Stored data:
════════════════════

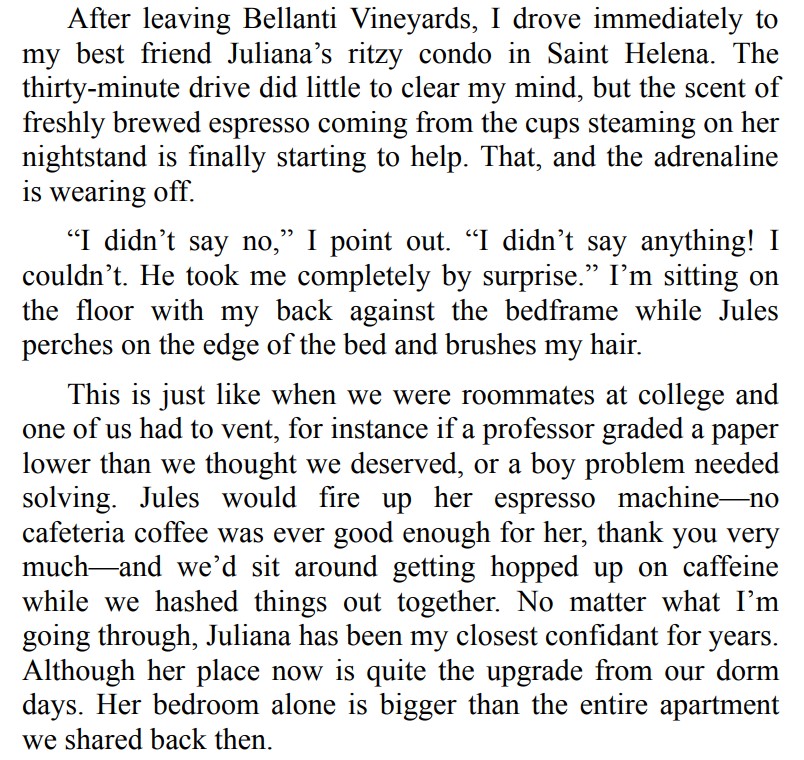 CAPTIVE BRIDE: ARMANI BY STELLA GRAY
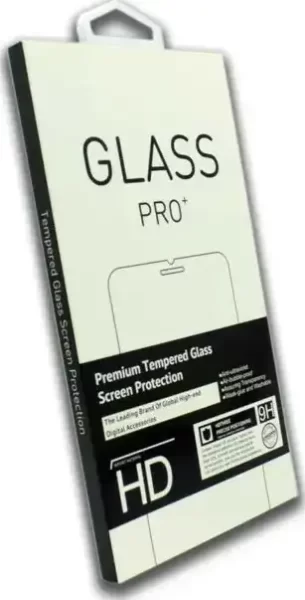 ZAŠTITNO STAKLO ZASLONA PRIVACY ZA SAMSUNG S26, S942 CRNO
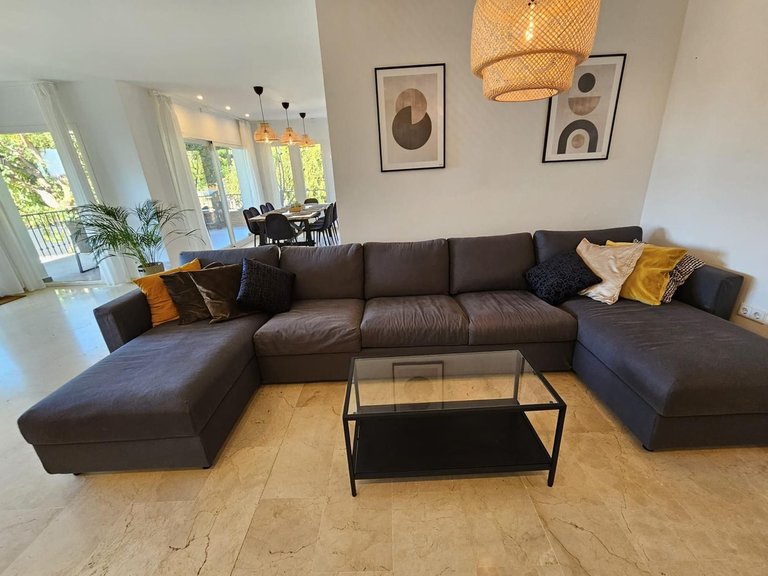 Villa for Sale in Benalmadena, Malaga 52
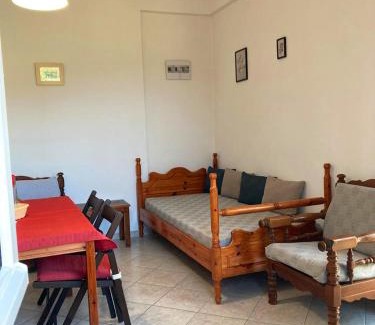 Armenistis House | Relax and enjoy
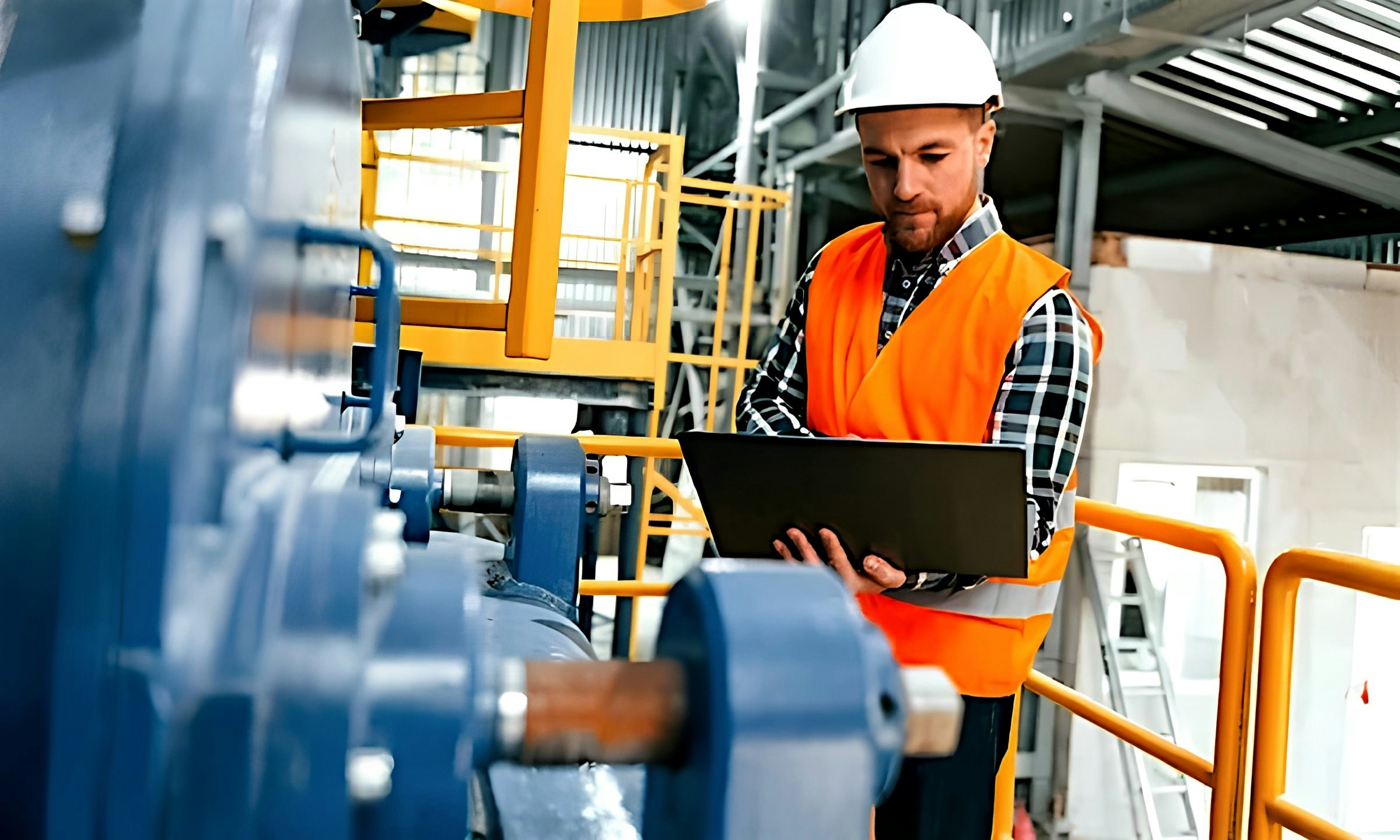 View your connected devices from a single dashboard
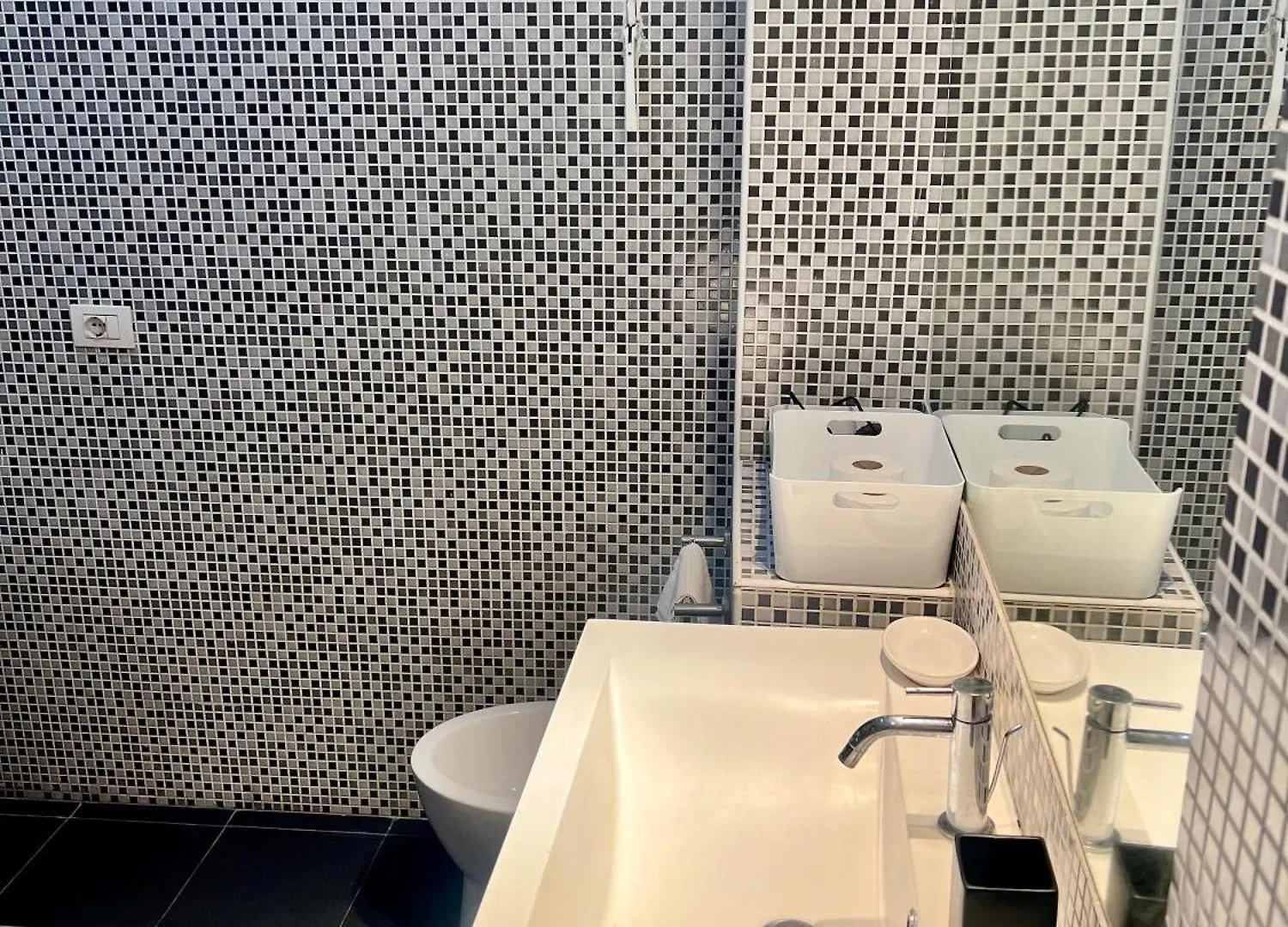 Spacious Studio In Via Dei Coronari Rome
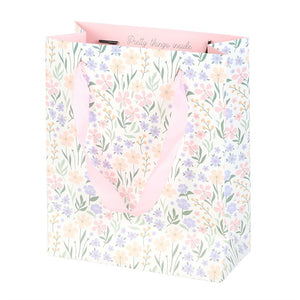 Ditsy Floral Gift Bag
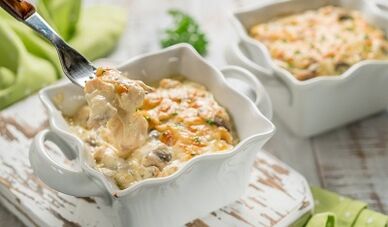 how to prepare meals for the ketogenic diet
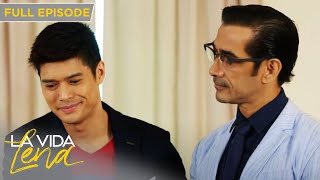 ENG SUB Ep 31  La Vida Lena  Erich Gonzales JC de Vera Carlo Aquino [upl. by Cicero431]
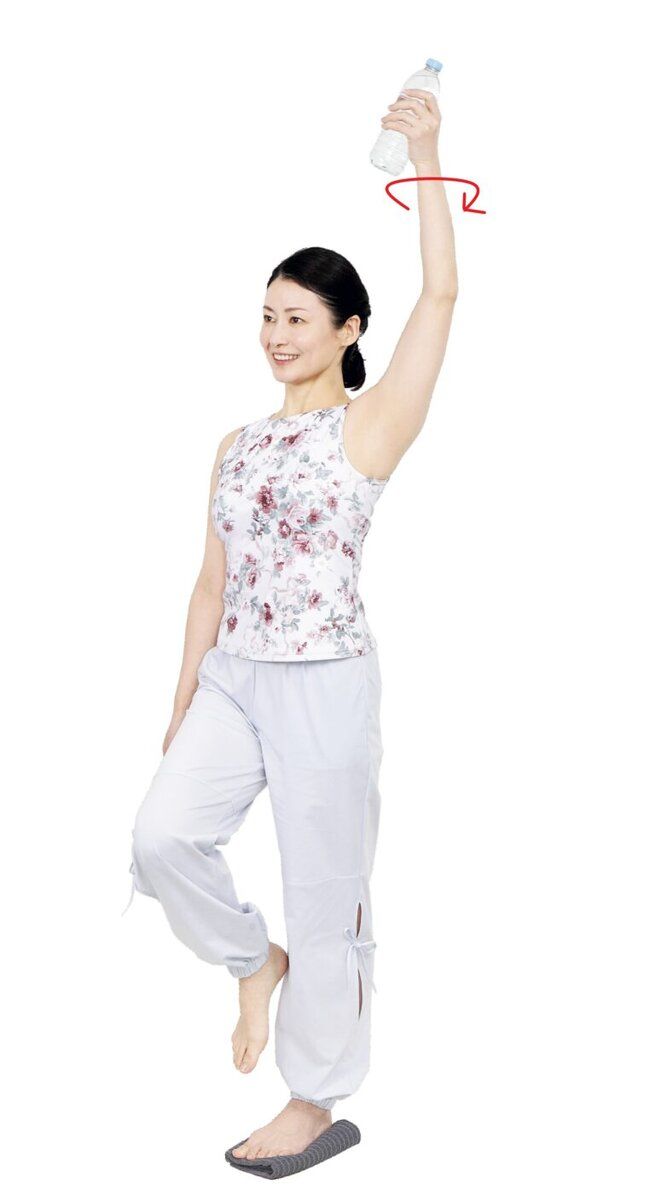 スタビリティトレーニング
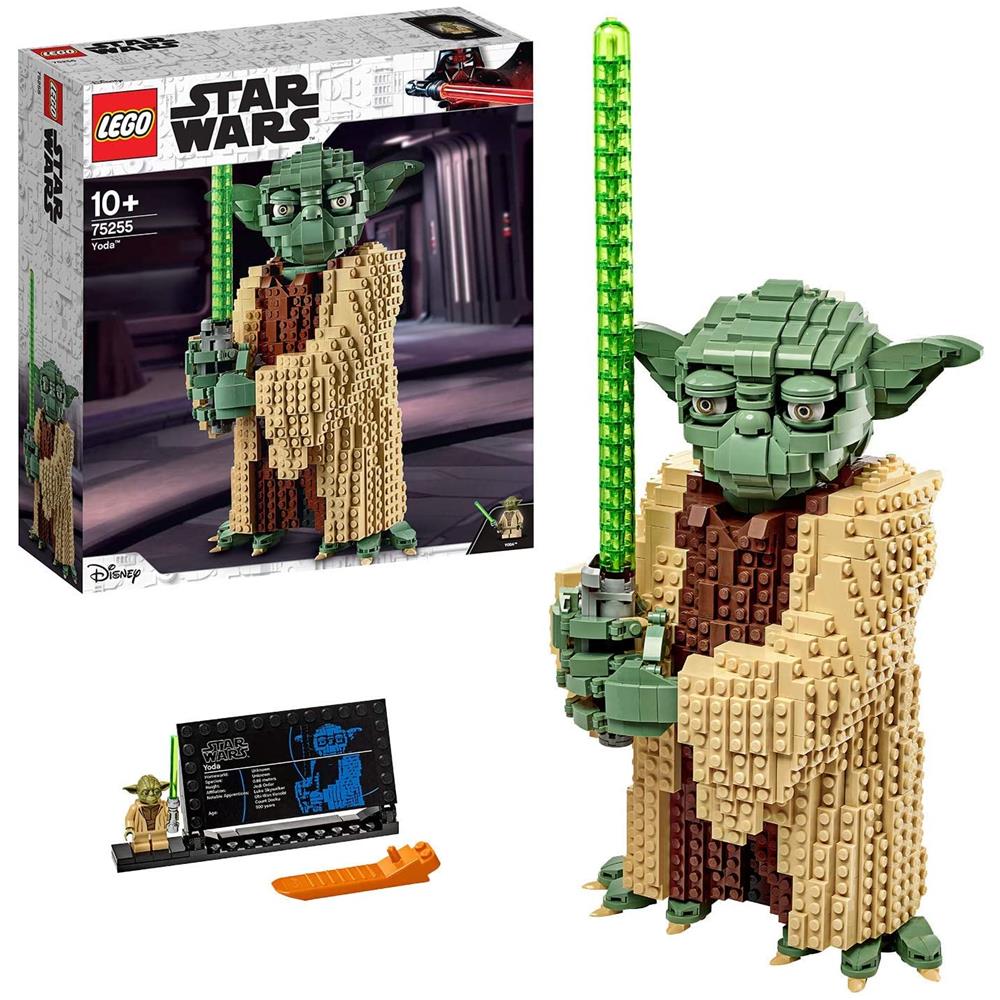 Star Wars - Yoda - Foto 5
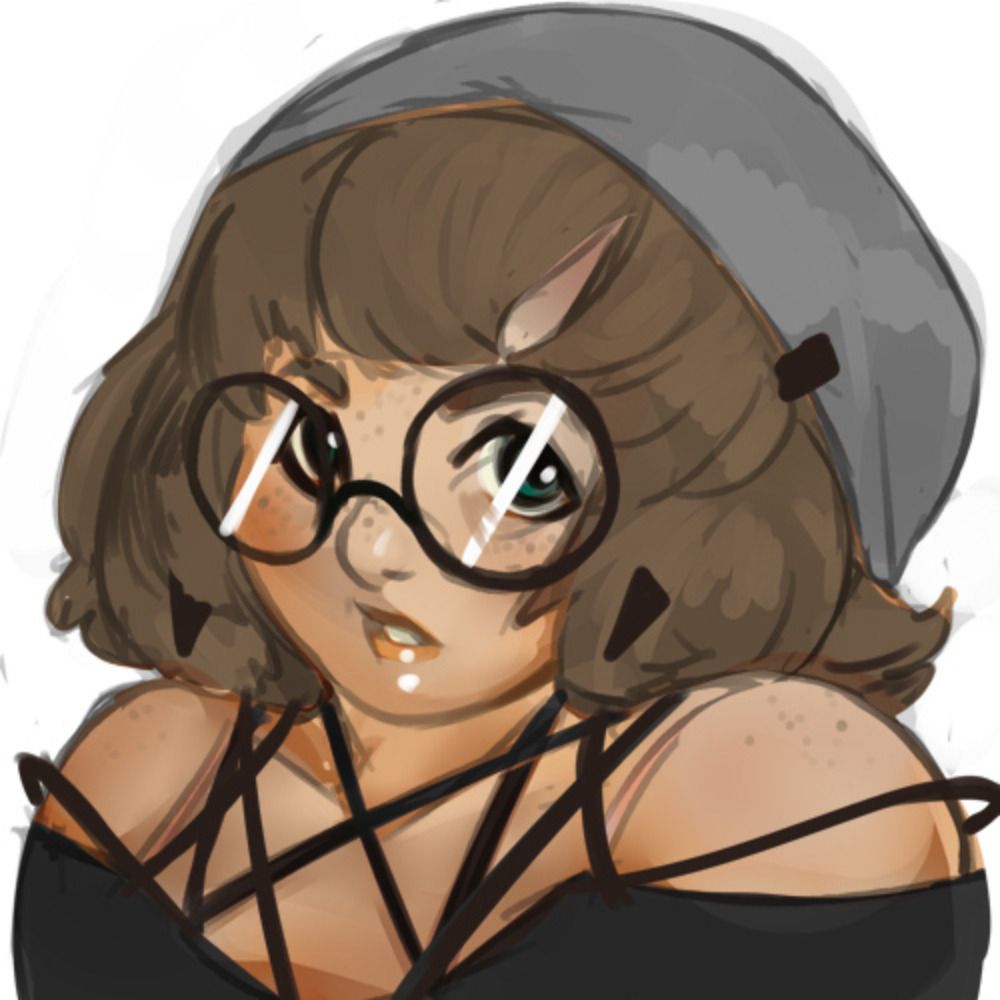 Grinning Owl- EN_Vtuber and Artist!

════════════════════

§ **WORK REQUEST**: Transcribe each entry exactly; images stay out.

§ **TASK SOLUTION**:
 CAPTIVE BRIDE: ARMANI BY STELLA GRAY
 ZAŠTITNO STAKLO ZASLONA PRIVACY ZA SAMSUNG S26, S942 CRNO
 Villa for Sale in Benalmadena, Malaga 52
 Armenistis House | Relax and enjoy
 View your connected devices from a single dashboard
 Spacious Studio In Via Dei Coronari Rome
 Ditsy Floral Gift Bag
 how to prepare meals for the ketogenic diet
 ENG SUB Ep 31  La Vida Lena  Erich Gonzales JC de Vera Carlo Aquino [upl. by Cicero431]
 スタビリティトレーニング
 Star Wars - Yoda - Foto 5
 Grinning Owl- EN_Vtuber and Artist!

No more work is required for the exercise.